Ostrovitz said business owners should get back to the basics. Even if you are already an established small business owner, it’s good to re-evaluate what you’re doing. 

She highlighted a few business cases, a winner and a loser.

Business Case No. 1: Segway

The technology developed for Segway has been used in many other products, and the concept around it has ended up being very successful for other companies. Unfortunately, it wasn’t successful for Segway.

The company was developed by a renowned inventor and entrepreneur who holds more than 100 U.S. patents. He had significant financial backing and spent $100 million developing the product. Even before its launch, the company predicted $1 billion in sales, which would have been a historical record.

But the company didn’t want people to know about the technology they were using to create the product, and they didn’t talk to customers. The company didn’t test or identify the problem they were solving clearly enough to understand the optimal solution.

“Segway moved technology forward for the rest of us, but they were very unsuccessful,” Ostrovitz said. Their strategy lacked the human component of what a business is trying to do, which is to solve problems and offer value to people. 

Business Case No. 2: Nike

In the beginning, Nike targeted competitive runners who were aiming to qualify for the Olympics. The founders kept their day jobs for the first 10 years of the company to keep the overhead low, and the first products were developed by a track coach with a deep understanding of his target market. Prototypes were tested on college and elite athletes before being manufactured.

Nike is now a huge company that offers many different products, but it started with a laser focus on solving a specific problem. They were looking for a solution to shave 5 seconds off a runner’s time to help them get to the Olympics.

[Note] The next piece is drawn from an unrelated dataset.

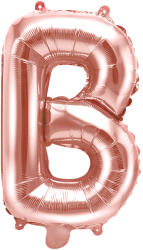 PartyDeco Balon folie Litera B , 35cm, rose gold (1 buc. ) (FB2M-B-019R)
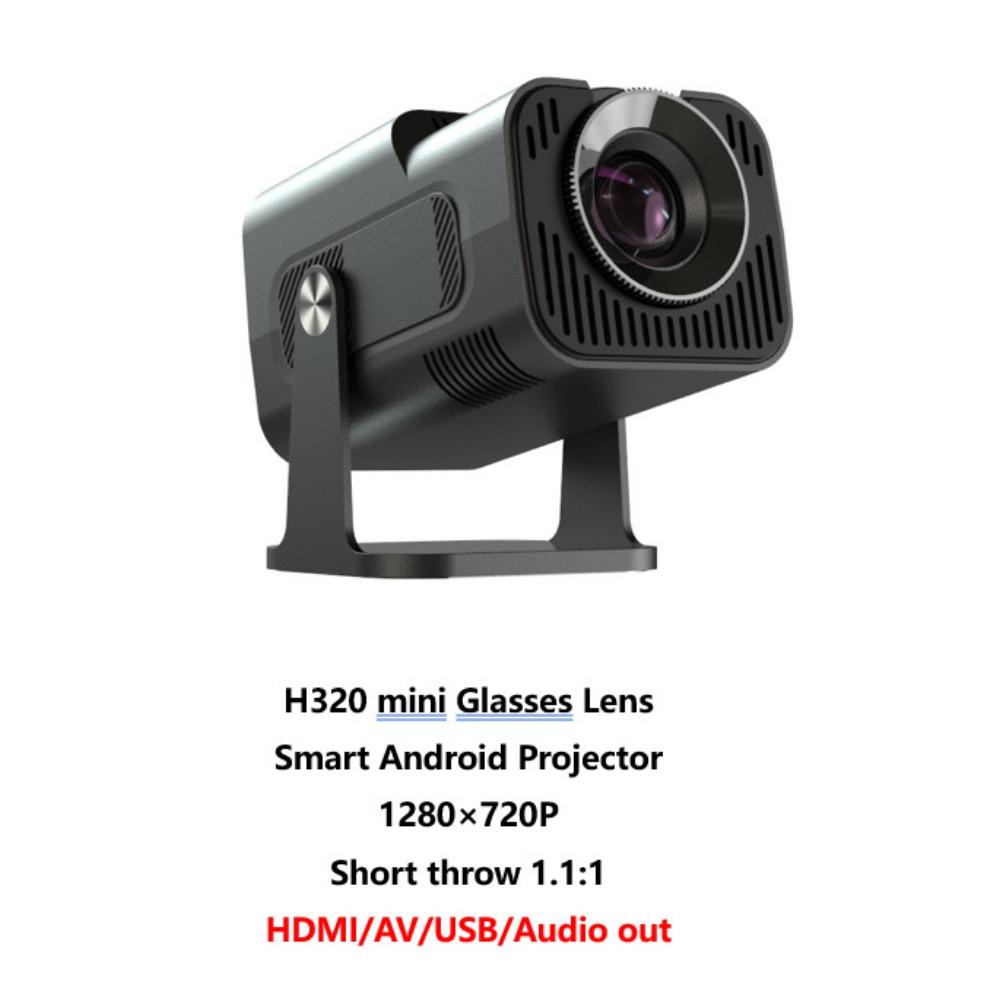 Mini Android High-Brightness Smart Portable Projector with Gimbal Home/Bedroom Use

“Over time, what Nike came to be known as is a brand that represents champions,” Ostrovitz said. “What they are doing is solving the problem of how to be the best at what we do, how to represent that, and what products serve that. Every product that comes out is saying, how do we support champions? They have the same promise now as they did when they started. It’s a completely different mindset from how Segway came to be created.”

Find Your Niche

Now, it’s time to ask yourself some hard questions. What problem are you trying to solve? How do you know that problem is valid? Who has the problem (identify relevant groups)? Who is the most impacted or motivated by this problem? Ostrovitz said the last question is imperative because that audience will be your loyal customer group, the ones who will test your product, service, or solution because they believe in what you’re doing.

Next, you need to identify what alternatives are being used to solve the problem currently. What are the strengths and weaknesses of those alternatives? Many small business owners are trying to solve problems—you just need to figure out how you’re unique and find your niche.

“There is probably someone out there doing what you do, that’s normal,” Ostrovitz said. “What you want to identify is where you are offering something that has never been offered before, in a different way or that supports people in another way.”

Figure out what benefit you can offer that customers really want and then understand what solutions you can offer to provide that benefit.

Runners didn’t want the Nike shoes. They wanted to win. People don’t want a gym. They want to be fit, so they go to the gym as a solution. Understanding the value of solving a customer’s problem is vital.

Connect With Customers

As a business owner, you need to understand your customers’ needs and pain points deeply. Then, ask the right questions to get to know them.

“Always be in the mindset of adding value and solving problems,” Ostrovitz said. 

Try this exercise with your customers:

Ask questions: Put your product or service under the bed and learn from people’s habits and experiences.

Validate your hypothesis: Discover the problem that exists and who needs help with that problem.

Solve for value and benefit: Let your customers confirm if you are on the right track or help redirect you to the right solution.

Communicate the big-picture why: The vision, mission, and values. Give customers ownership.

Create a Community

Small business owners can focus on the community that supports them and, in turn, share their knowledge to support, offer value and solve problems for other people. You can do this by building community outside your organization as a mentor, advisory board member, partner, and professional organization member or donor.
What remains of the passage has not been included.